Segment Start: Available data

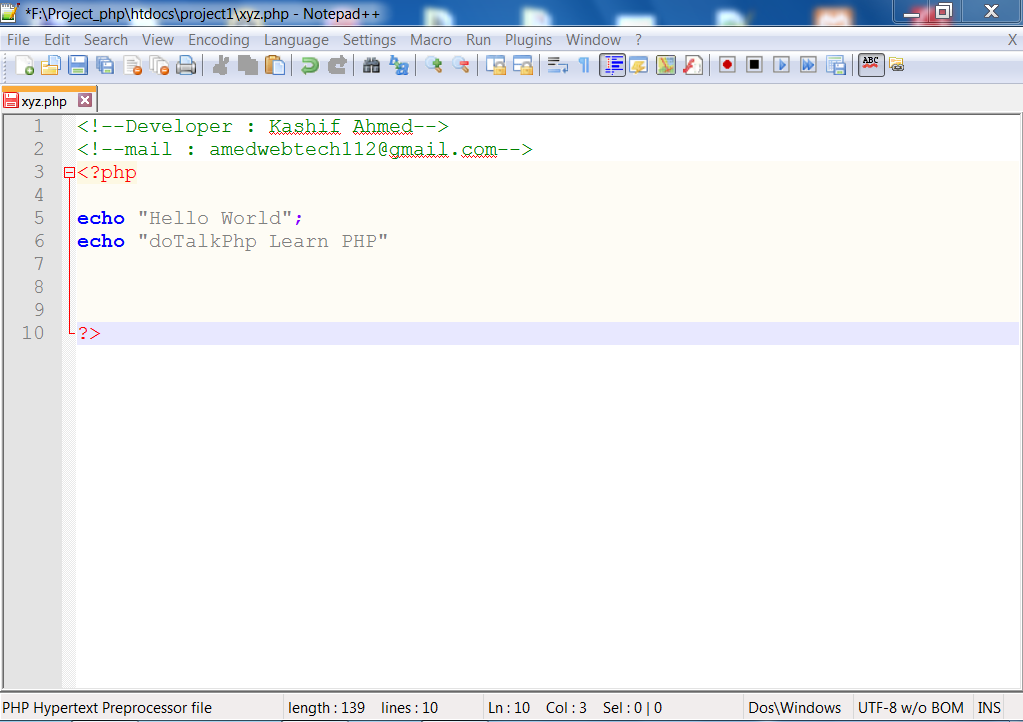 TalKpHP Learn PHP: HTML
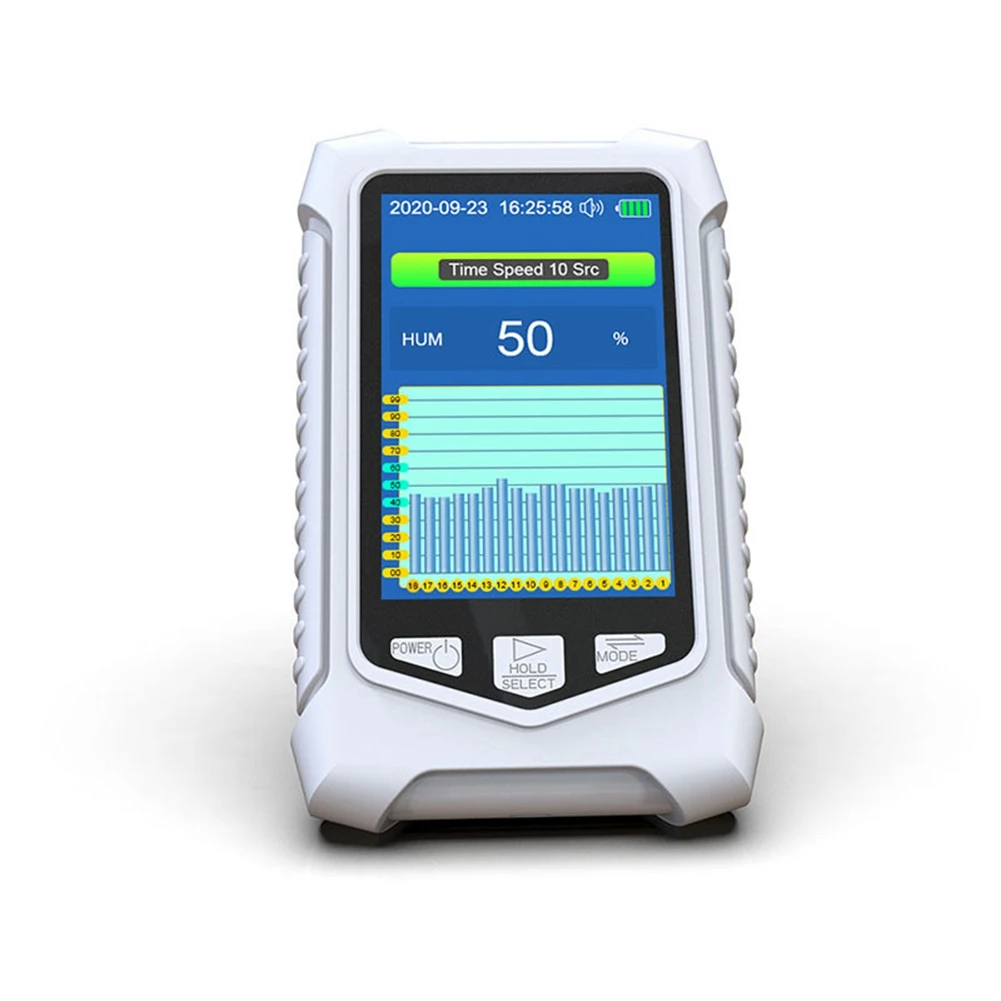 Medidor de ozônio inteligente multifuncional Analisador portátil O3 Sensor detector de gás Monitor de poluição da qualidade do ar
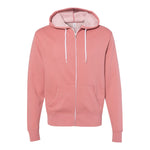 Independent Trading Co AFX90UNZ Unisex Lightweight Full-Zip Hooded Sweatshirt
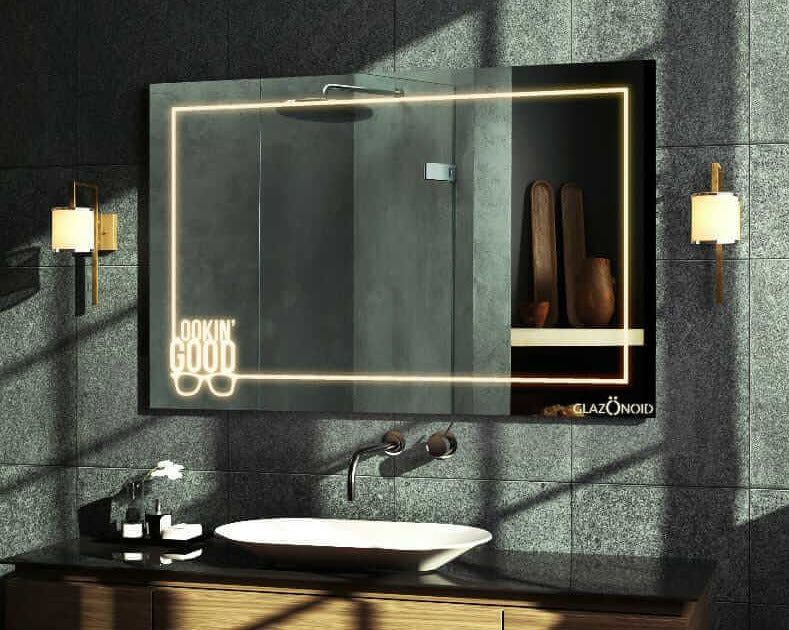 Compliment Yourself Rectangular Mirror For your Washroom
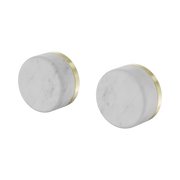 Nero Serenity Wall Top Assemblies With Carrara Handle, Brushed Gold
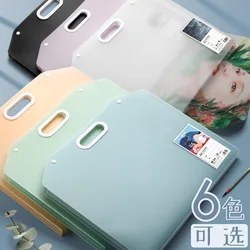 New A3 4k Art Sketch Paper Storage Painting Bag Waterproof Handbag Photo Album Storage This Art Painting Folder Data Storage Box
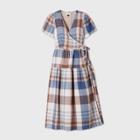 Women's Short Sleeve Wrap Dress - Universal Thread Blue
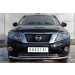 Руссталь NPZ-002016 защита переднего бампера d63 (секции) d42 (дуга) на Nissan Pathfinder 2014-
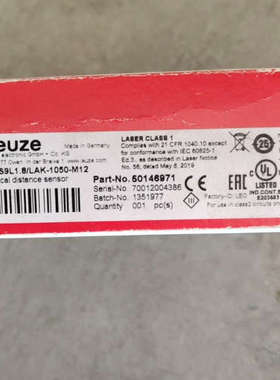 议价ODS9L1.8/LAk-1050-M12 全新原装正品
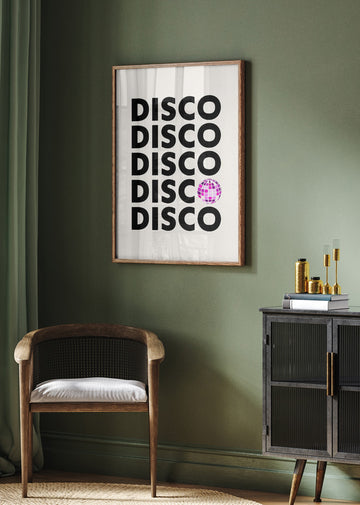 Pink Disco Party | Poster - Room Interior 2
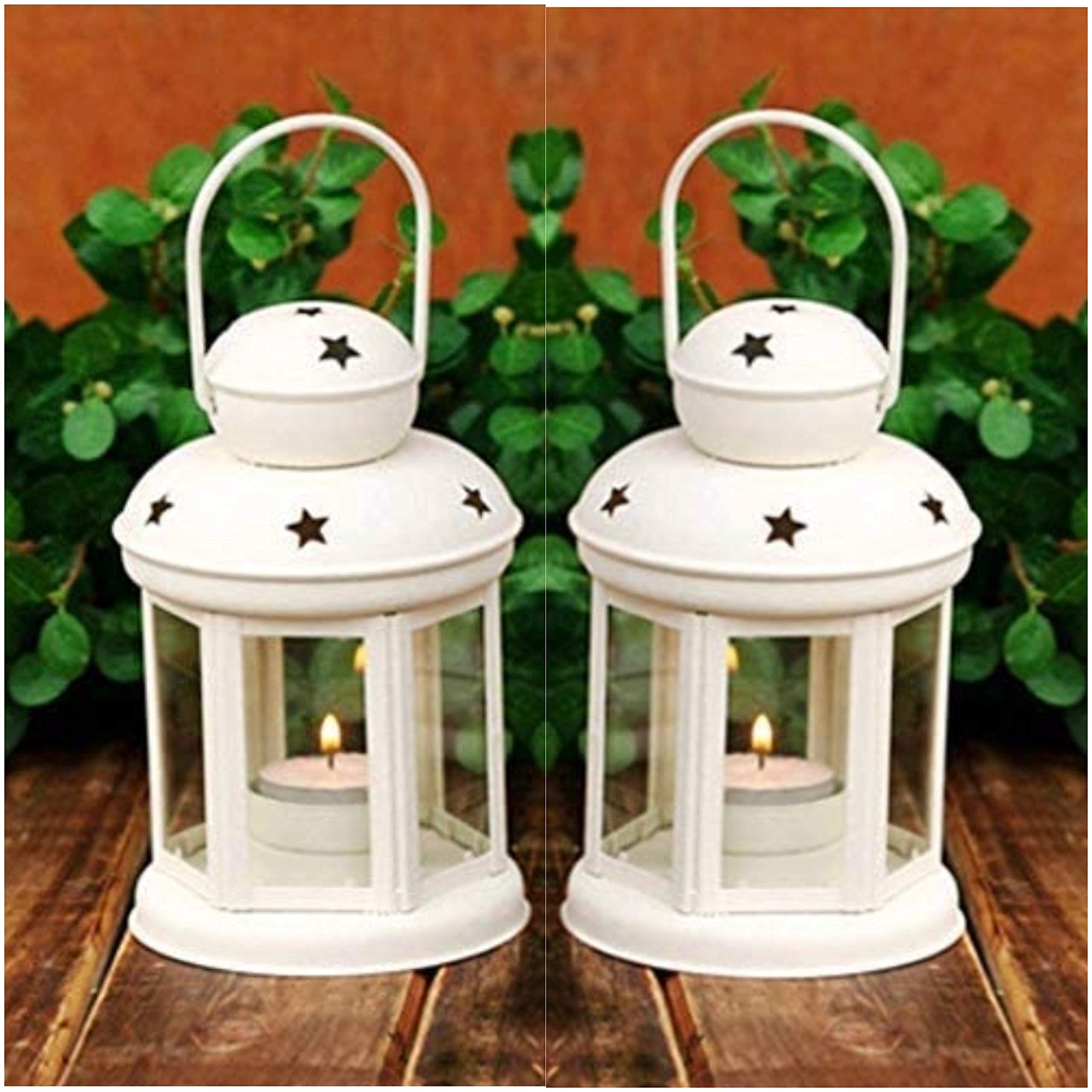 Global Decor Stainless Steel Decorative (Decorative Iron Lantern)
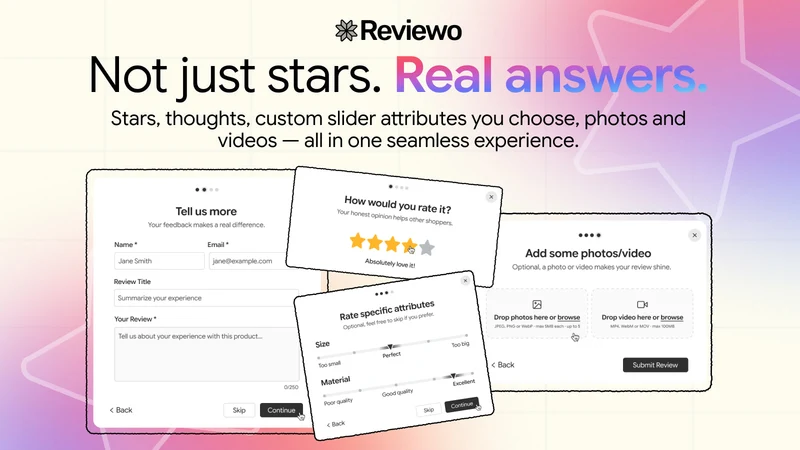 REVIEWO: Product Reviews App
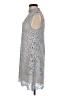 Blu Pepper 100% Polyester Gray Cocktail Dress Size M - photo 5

Segment End: Available data

Exact copy, no pictures: reproduce every record above.

** Finished task **
 TalKpHP Learn PHP: HTML
 Medidor de ozônio inteligente multifuncional Analisador portátil O3 Sensor detector de gás Monitor de poluição da qualidade do ar
 Independent Trading Co AFX90UNZ Unisex Lightweight Full-Zip Hooded Sweatshirt
 Compliment Yourself Rectangular Mirror For your Washroom
 Nero Serenity Wall Top Assemblies With Carrara Handle, Brushed Gold
 New A3 4k Art Sketch Paper Storage Painting Bag Waterproof Handbag Photo Album Storage This Art Painting Folder Data Storage Box
 Women's Short Sleeve Wrap Dress - Universal Thread Blue
 Руссталь NPZ-002016 защита переднего бампера d63 (секции) d42 (дуга) на Nissan Pathfinder 2014-
 议价ODS9L1.8/LAk-1050-M12 全新原装正品
 Pink Disco Party | Poster - Room Interior 2
 Global Decor Stainless Steel Decorative (Decorative Iron Lantern)
 REVIEWO: Product Reviews App
 Blu Pepper 100% Polyester Gray Cocktail Dress Size M - photo 5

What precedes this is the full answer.